22.07.2006 | aktual.: 27.07.2007 07:39
Jak zauważa "Daily Mail", który wychwycił te dane, liczba Polaków ponad trzykrotnie przewyższyła w ub.r. liczbę imigrantów z Indii, a w pierwszej dziesiątce krajów wysyłających najwięcej imigrantów do W. Brytanii obok Polski są również Litwa, Słowacja i Łotwa.
Ogółem z krajów Europy Środkowej i Wschodniej w 2005 roku przyjechało do pracy w W.Brytanii 270 tys. ludzi, a liczba numerów NI wydanych w ubiegłym roku w porównaniu z 2004 rokiem dzięki nim wzrosła o 223 tys.
Dane o skali napływu imigrantów zarobkowych opracowywane w oparciu o numery NI w odniesieniu do migracji z nowych krajów UE są bardziej wiarygodne niż oceny resortu spraw wewnętrznych, których punktem wyjścia jest liczba osób rejestrujących się, co nie jest prawnym wymogiem. Dane o NI nie uwzględniają natomiast osób, które po uzyskaniu numeru ubezpieczenia mogły wrócić do siebie, albo pojechać gdzie indziej.
Dane resortu DWP, jak pisze "Daily Mail", potwierdzają inne oceny sugerujące, iż od rozszerzenia UE 1 maja 2004 roku do W. Brytanii przyjechało łącznie ok. 600 tys. obywateli krajów Europy Środkowej i Wschodniej, z czego 300 tys. to Polacy, co oznacza, iż jest to największa w historii Wysp fala migracji ludności.

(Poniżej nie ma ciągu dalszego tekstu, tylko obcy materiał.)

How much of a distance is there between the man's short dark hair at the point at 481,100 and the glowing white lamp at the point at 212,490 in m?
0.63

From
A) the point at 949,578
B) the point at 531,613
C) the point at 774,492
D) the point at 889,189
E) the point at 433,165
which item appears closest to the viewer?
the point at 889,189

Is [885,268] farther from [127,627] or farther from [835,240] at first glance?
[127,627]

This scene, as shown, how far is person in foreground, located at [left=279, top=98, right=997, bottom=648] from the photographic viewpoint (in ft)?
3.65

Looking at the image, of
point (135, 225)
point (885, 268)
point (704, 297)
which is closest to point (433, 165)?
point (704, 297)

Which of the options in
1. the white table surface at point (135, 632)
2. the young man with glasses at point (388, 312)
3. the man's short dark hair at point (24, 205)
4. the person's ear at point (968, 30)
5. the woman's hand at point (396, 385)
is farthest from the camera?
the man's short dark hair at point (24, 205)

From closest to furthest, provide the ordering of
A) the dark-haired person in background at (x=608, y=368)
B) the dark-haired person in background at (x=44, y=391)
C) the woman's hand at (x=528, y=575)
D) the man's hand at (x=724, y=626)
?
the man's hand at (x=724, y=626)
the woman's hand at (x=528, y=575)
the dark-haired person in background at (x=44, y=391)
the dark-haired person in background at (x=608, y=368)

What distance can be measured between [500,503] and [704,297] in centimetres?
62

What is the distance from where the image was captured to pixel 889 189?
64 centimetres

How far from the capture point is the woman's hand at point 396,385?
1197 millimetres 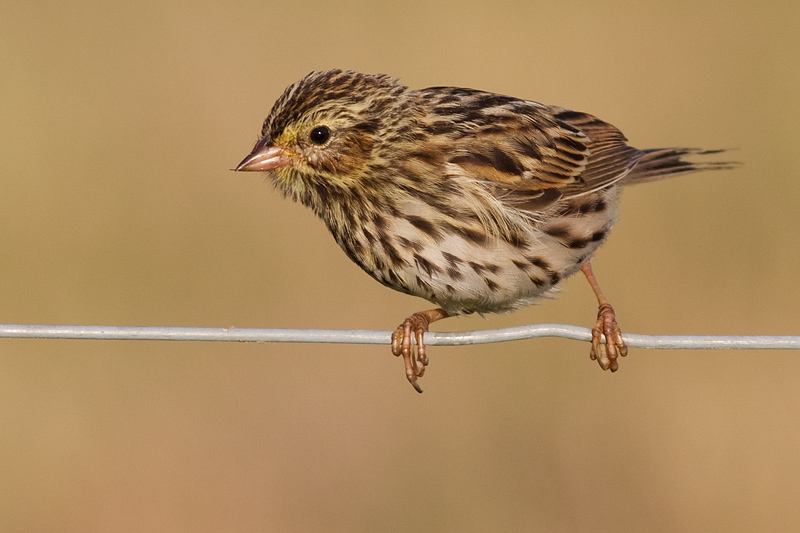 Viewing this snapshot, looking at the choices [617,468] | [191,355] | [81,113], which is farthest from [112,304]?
[617,468]

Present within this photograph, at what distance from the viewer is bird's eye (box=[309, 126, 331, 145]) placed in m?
5.26

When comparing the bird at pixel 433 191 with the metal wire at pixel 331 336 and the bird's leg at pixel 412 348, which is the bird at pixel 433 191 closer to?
the bird's leg at pixel 412 348

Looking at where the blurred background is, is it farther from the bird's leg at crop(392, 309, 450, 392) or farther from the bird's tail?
the bird's leg at crop(392, 309, 450, 392)

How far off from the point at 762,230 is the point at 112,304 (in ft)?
16.3

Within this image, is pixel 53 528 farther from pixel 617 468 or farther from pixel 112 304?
pixel 617 468

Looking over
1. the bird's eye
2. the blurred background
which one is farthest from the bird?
the blurred background

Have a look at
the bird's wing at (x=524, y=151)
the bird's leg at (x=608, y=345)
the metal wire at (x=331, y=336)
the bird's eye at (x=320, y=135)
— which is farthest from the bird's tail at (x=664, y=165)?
the metal wire at (x=331, y=336)

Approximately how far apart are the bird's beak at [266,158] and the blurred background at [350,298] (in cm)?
201

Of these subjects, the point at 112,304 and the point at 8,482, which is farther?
the point at 112,304

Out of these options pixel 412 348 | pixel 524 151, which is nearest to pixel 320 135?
pixel 524 151

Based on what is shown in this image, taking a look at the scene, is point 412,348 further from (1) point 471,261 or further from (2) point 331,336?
(2) point 331,336

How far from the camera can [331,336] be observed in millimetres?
4070

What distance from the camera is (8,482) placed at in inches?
301

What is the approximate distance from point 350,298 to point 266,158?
357 centimetres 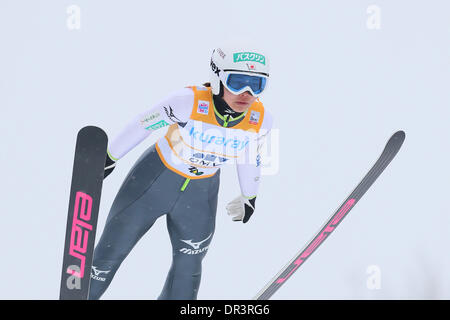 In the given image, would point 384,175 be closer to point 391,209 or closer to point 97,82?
point 391,209

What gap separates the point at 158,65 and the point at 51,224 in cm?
191

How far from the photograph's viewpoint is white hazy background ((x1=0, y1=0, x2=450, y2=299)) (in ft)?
18.1

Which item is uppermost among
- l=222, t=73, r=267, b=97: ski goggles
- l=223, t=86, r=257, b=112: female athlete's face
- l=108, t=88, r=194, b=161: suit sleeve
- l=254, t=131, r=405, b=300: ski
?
l=222, t=73, r=267, b=97: ski goggles

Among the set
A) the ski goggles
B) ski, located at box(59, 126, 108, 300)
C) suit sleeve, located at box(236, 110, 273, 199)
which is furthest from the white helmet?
ski, located at box(59, 126, 108, 300)

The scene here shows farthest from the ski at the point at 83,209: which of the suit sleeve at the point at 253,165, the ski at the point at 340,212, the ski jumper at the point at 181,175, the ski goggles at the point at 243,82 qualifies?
the ski at the point at 340,212

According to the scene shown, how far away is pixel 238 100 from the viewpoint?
3447mm

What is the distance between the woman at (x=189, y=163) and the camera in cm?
346

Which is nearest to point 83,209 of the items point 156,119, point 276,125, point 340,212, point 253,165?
point 156,119

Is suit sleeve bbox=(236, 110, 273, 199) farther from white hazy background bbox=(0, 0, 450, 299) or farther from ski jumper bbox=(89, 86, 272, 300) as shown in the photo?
white hazy background bbox=(0, 0, 450, 299)

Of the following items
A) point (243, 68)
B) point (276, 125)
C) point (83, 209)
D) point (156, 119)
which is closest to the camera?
point (83, 209)

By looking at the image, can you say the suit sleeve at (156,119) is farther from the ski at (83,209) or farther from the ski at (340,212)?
the ski at (340,212)

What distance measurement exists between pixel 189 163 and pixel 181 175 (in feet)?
0.30

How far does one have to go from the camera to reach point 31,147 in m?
5.88

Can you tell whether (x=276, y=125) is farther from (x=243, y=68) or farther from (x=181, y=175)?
(x=243, y=68) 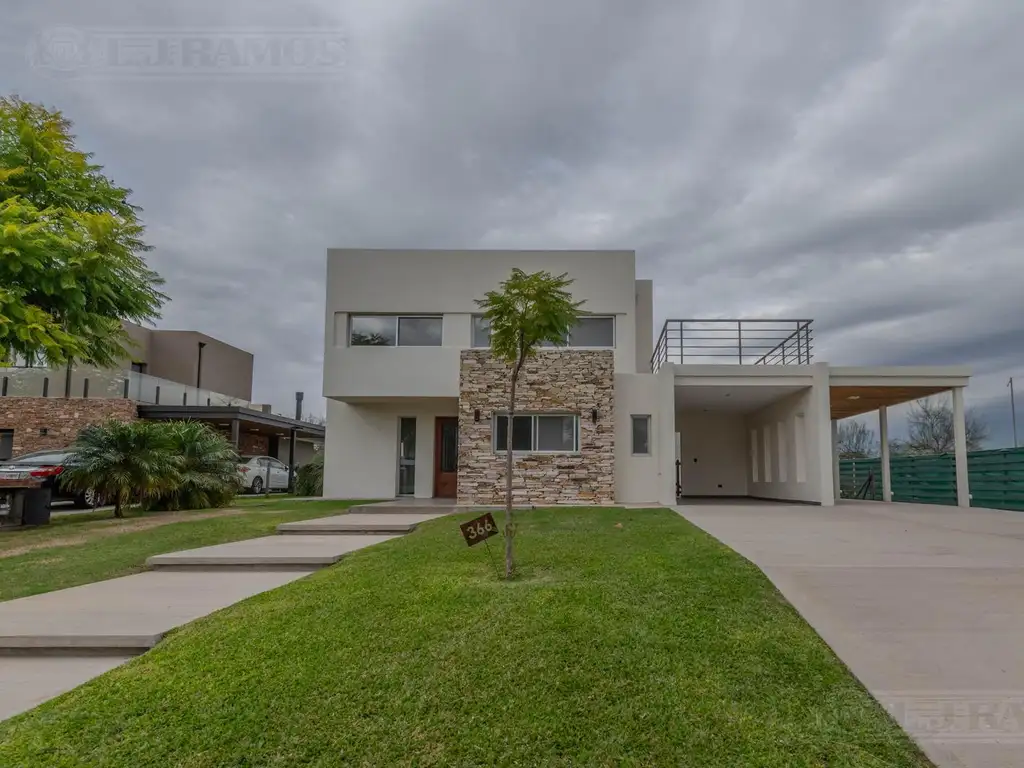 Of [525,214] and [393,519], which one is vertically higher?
[525,214]

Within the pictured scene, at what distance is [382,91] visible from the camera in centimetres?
973

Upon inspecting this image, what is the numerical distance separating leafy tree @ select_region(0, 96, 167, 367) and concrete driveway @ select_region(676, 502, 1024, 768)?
9.91 m

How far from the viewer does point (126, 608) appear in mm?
4793

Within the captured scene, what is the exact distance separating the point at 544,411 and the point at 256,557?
7.90 metres

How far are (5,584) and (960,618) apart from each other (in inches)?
320

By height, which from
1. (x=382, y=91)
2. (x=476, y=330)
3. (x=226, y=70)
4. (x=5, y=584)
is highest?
(x=382, y=91)

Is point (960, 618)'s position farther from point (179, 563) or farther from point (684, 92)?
point (684, 92)

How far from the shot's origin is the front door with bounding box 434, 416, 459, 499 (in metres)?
16.0

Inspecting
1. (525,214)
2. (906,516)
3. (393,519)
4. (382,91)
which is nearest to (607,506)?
(393,519)

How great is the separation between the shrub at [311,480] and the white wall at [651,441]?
957 cm

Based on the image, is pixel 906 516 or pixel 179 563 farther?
pixel 906 516

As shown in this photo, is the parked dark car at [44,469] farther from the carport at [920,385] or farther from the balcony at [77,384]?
the carport at [920,385]

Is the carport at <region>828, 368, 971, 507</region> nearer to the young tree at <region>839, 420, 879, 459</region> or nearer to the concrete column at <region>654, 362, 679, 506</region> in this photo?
the concrete column at <region>654, 362, 679, 506</region>

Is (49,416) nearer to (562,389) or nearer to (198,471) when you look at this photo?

Ponad 80% imigrantów, którzy przyjechali do W. Brytanii w ubiegłym roku, to osoby poniżej 35 roku życia. Tylko 7 tys. to osoby powyżej 55 roku życia. Przeważają mężczyźni (54%). Ponad jedna trzecia trafia do Londynu, a pozostali głównie do południowo-wschodniej Anglii, wschodniej Anglii i na północny zachód Anglii.
Rzecznik ds. imigracji opozycyjnej partii konserwatywnej Damian Green powiedział prasie, że dane DWP dowodzą, iż rząd nie przewidział skali imigracji i że ma ona reperkusje dla rynku pracy, szkolenia zawodowego, usług sektora publicznego i systemu świadczeń socjalnych.
Resort MSW zaprzeczył, jakoby rząd nie panował nad zjawiskiem imigracji. Według rzecznika imigranci przyjeżdżają z zamiarem wykonywania niezbędnych prac i płacą podatki.